Exercise prompt:
Transcribe the data as written, minus images.

(Image-text web data)
════════
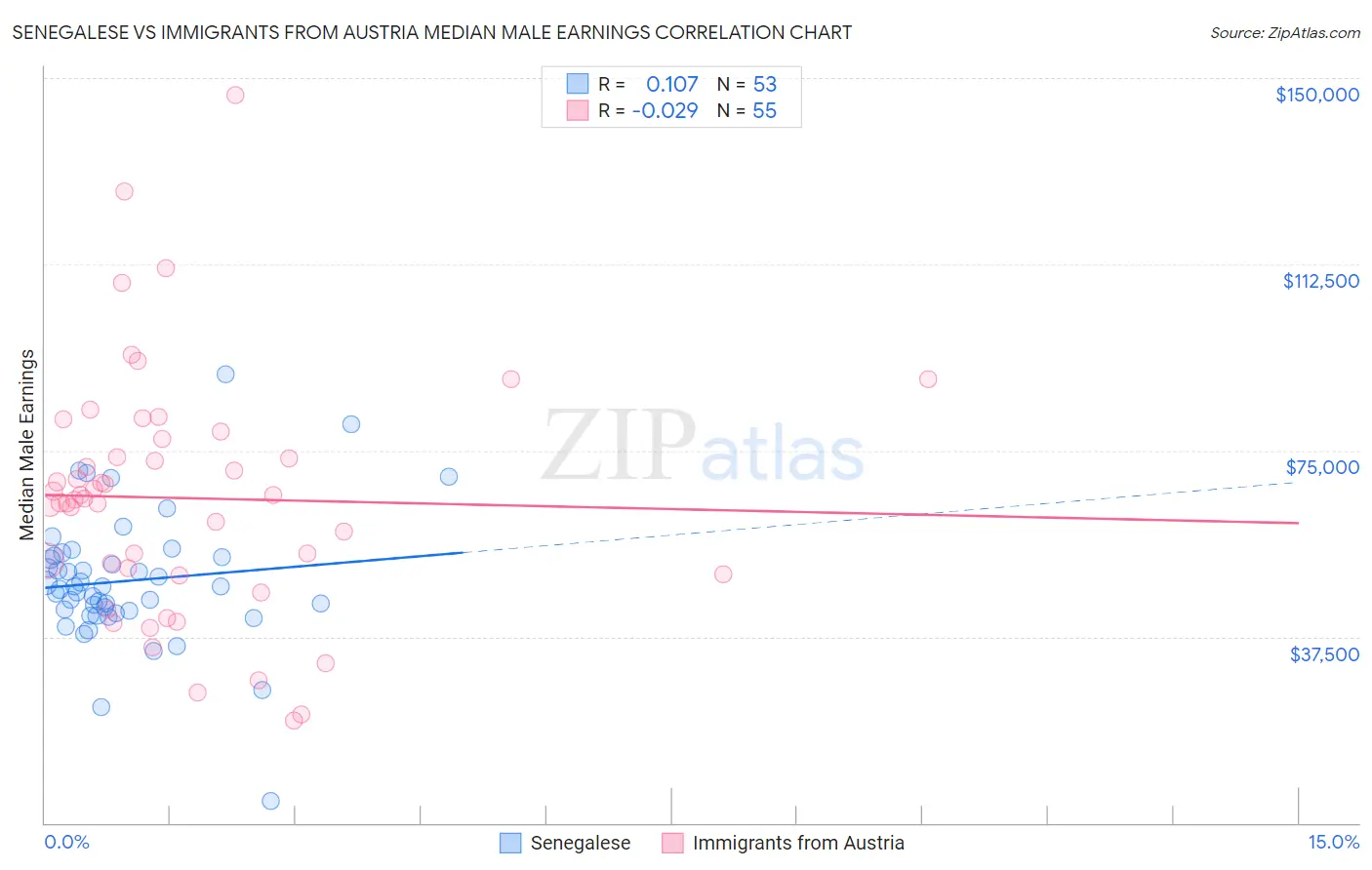 Senegalese vs Immigrants from Austria Median Male Earnings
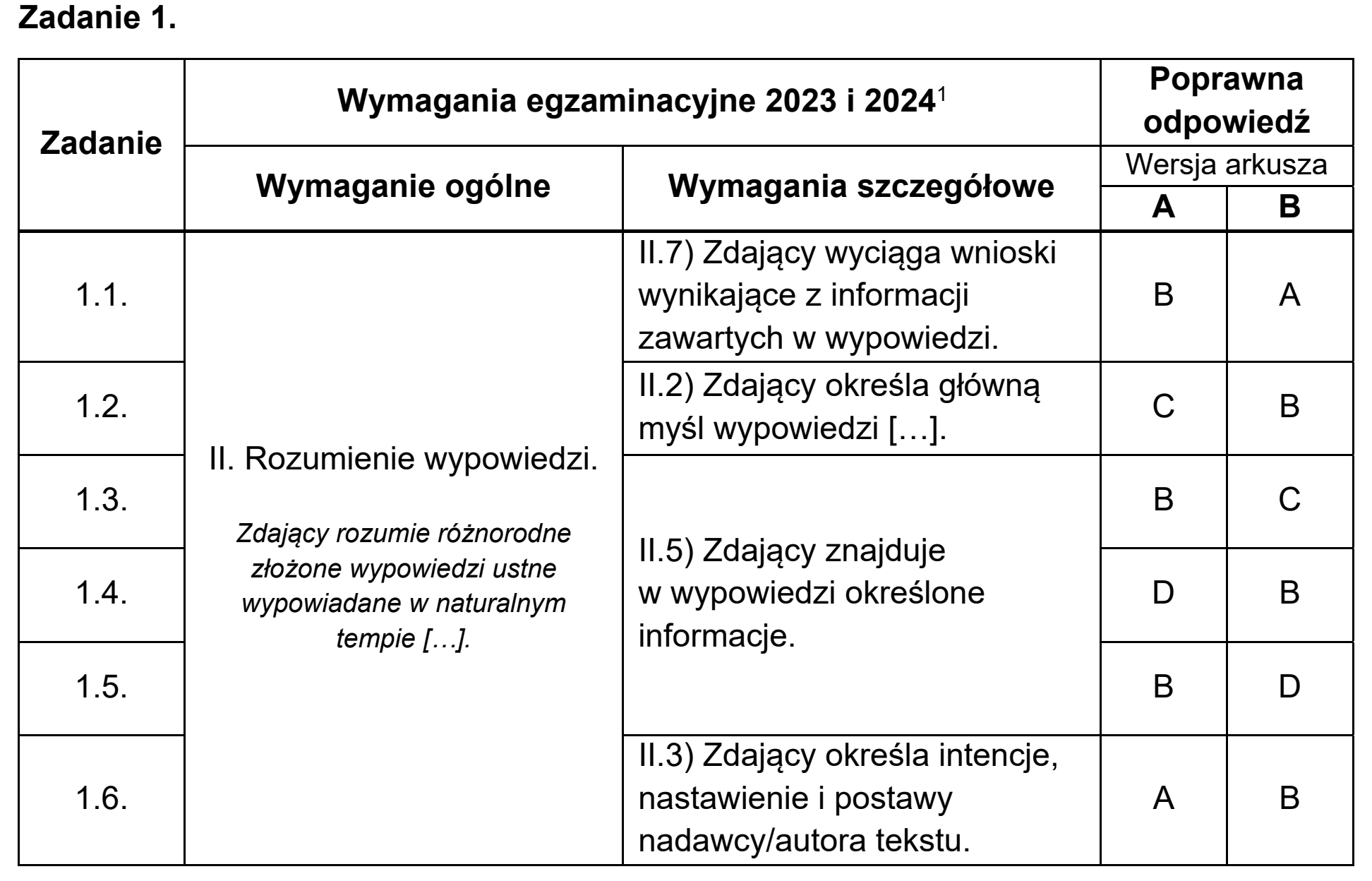 Matura, maj 2024, odpowiedź do zadania 1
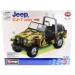 Сборная модель автомобиля Jeep CJ-7 Army USA (1980) 1:24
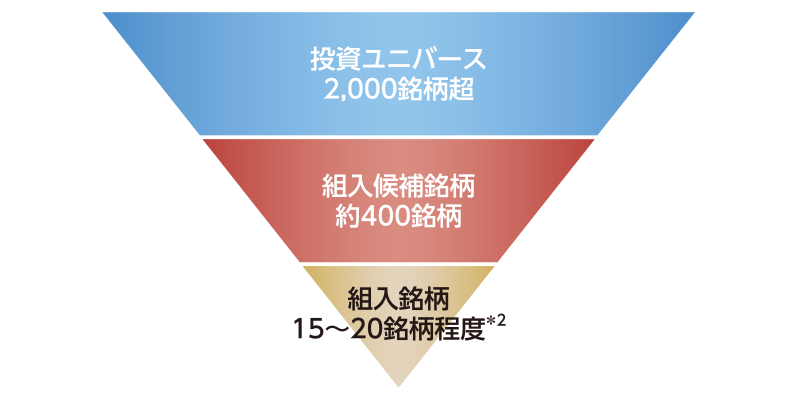 銘柄選定プロセスのイメージ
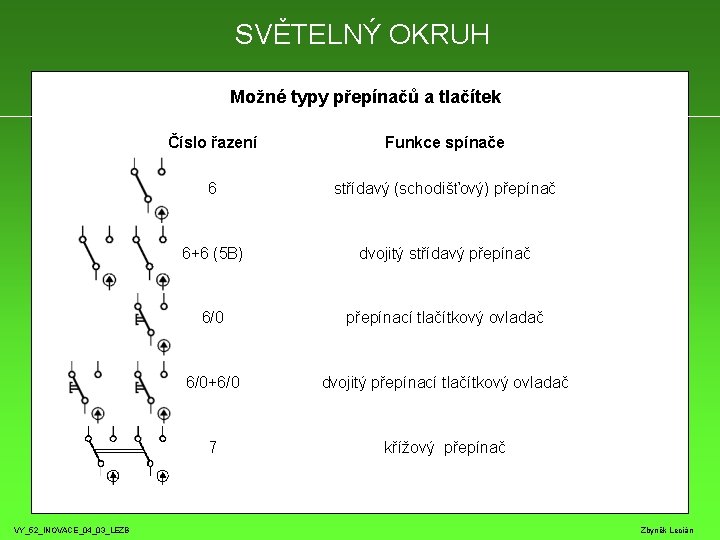 SVĚTELNÝ OKRUH Možné typy přepínačů a tlačítek Číslo řazení Funkce spínače 6 střídavý (schodišťový)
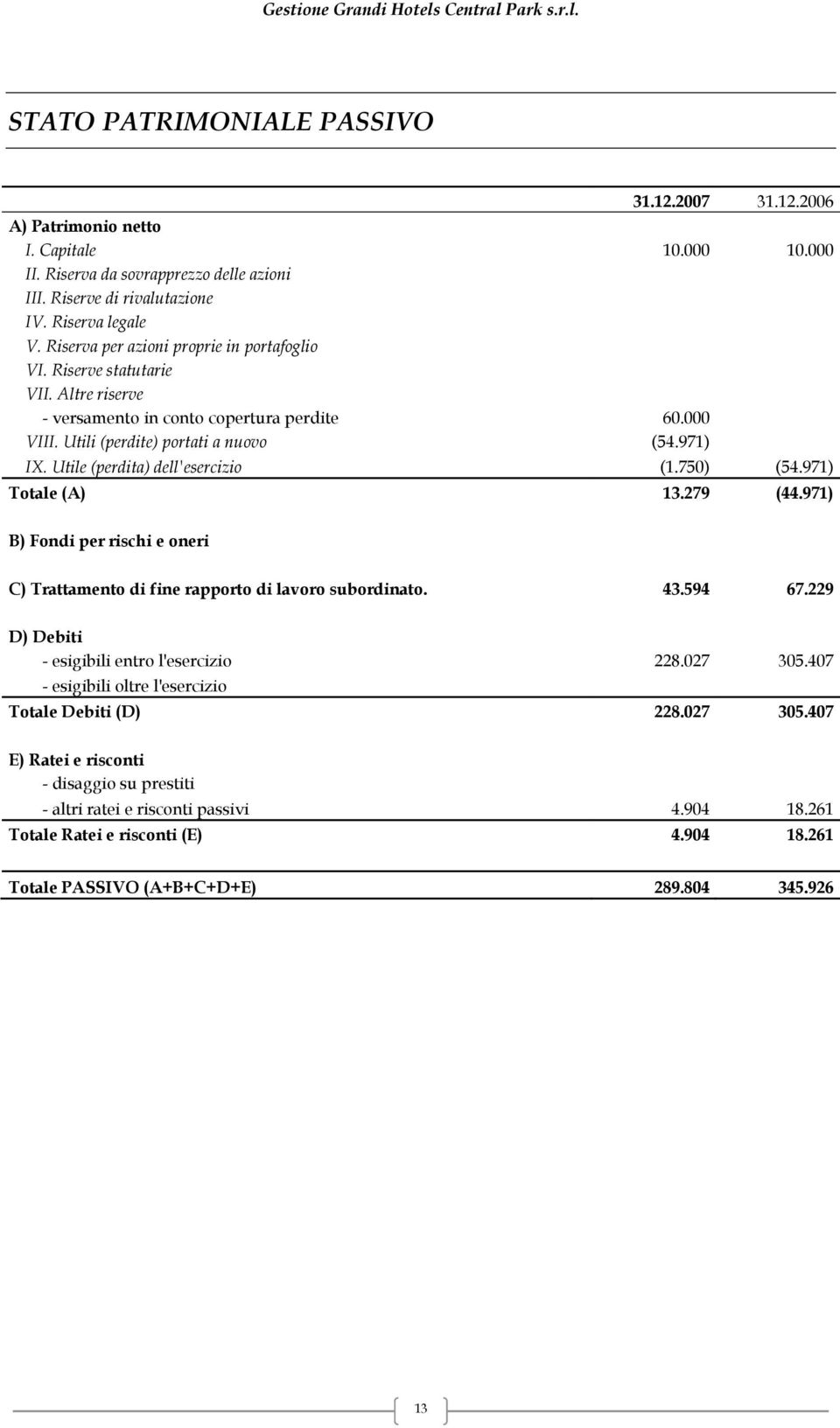 Utile (perdita) dell'esercizio (1.750) (54.971) Totale (A) 13.279 (44.971) B) Fondi per rischi e oneri C) Trattamento di fine rapporto di lavoro subordinato. 43.594 67.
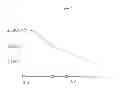 Fig. 05 - Method and compositions for specifically detecting physiologically acceptable polymer molecules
════════
Task response:
 Senegalese vs Immigrants from Austria Median Male Earnings
 Matura, maj 2024, odpowiedź do zadania 1
 Сборная модель автомобиля Jeep CJ-7 Army USA (1980) 1:24
 銘柄選定プロセスのイメージ
 SVĚTELNÝ OKRUH Možné typy přepínačů a tlačítek Číslo řazení Funkce spínače 6 střídavý (schodišťový)
 Utile (perdita) dell'esercizio (1.750) (54.971) Totale (A) 13.279 (44.971) B) Fondi per rischi e oneri C) Trattamento di fine rapporto di lavoro subordinato. 43.594 67.
 Fig. 05 - Method and compositions for specifically detecting physiologically acceptable polymer molecules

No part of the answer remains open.